(Beginning of Input material)
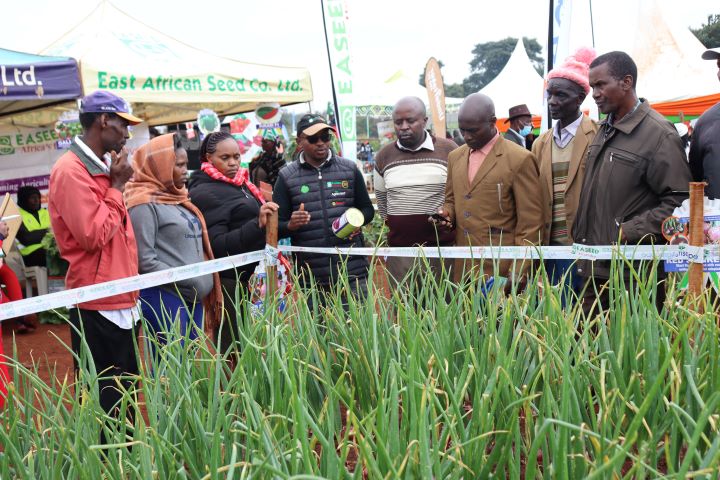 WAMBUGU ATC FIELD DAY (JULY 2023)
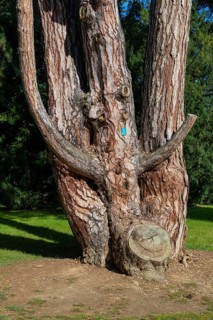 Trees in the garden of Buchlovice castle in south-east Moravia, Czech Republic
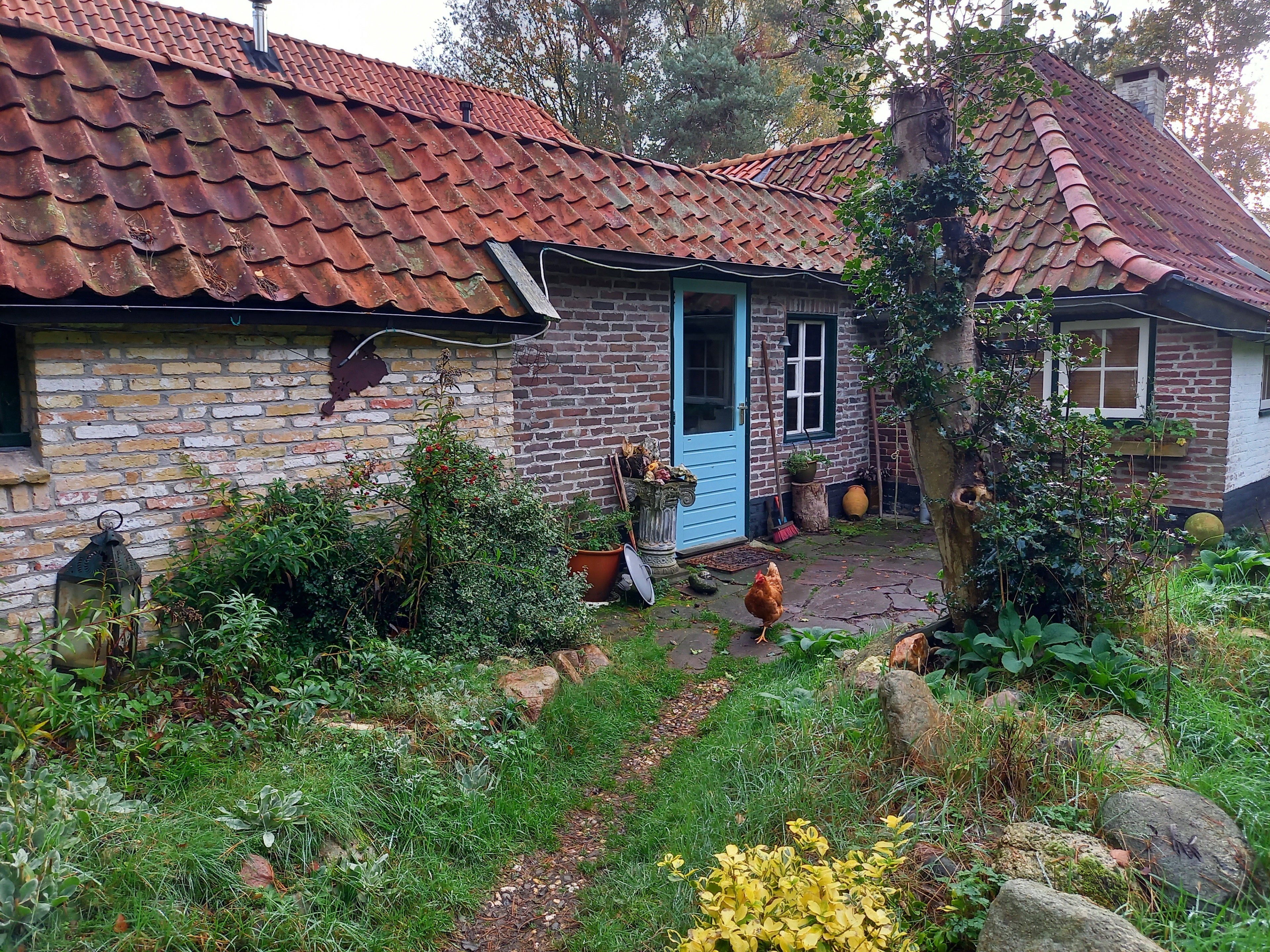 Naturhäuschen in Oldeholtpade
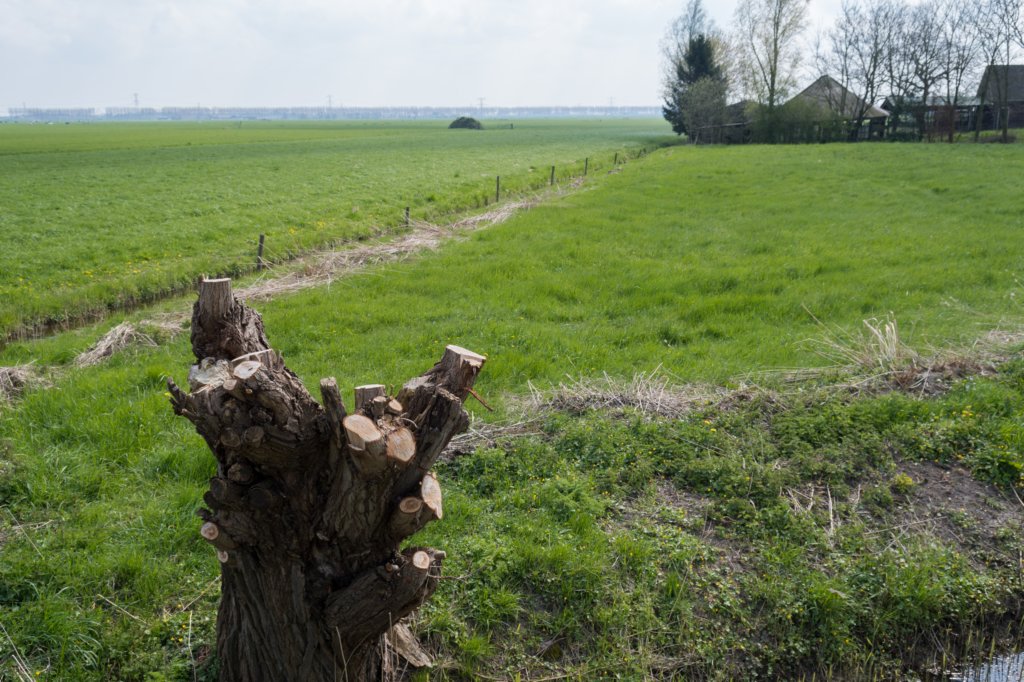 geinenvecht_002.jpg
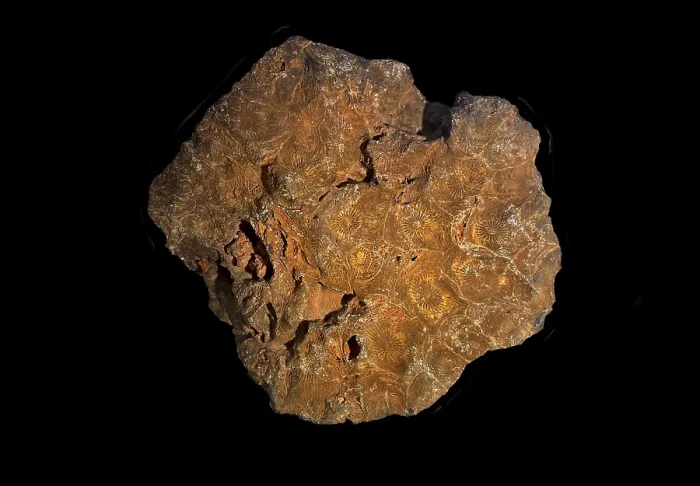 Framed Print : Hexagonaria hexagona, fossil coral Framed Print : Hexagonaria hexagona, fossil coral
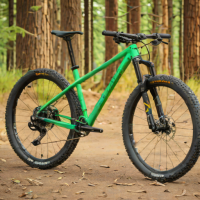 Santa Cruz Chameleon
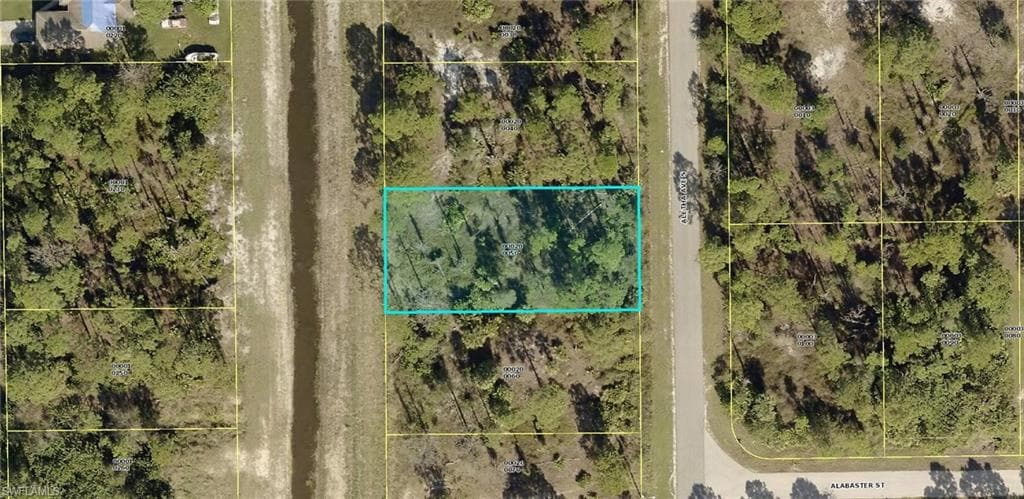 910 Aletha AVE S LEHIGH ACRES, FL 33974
(End of Input material)
What you are asked to do:
Only those lines from the one containing "Trees in the" to the end of the material above, retyped exactly and without pictures, belong in your reply.

Written answer:
 Trees in the garden of Buchlovice castle in south-east Moravia, Czech Republic
 Naturhäuschen in Oldeholtpade
 geinenvecht_002.jpg
 Framed Print : Hexagonaria hexagona, fossil coral Framed Print : Hexagonaria hexagona, fossil coral
 Santa Cruz Chameleon
 910 Aletha AVE S LEHIGH ACRES, FL 33974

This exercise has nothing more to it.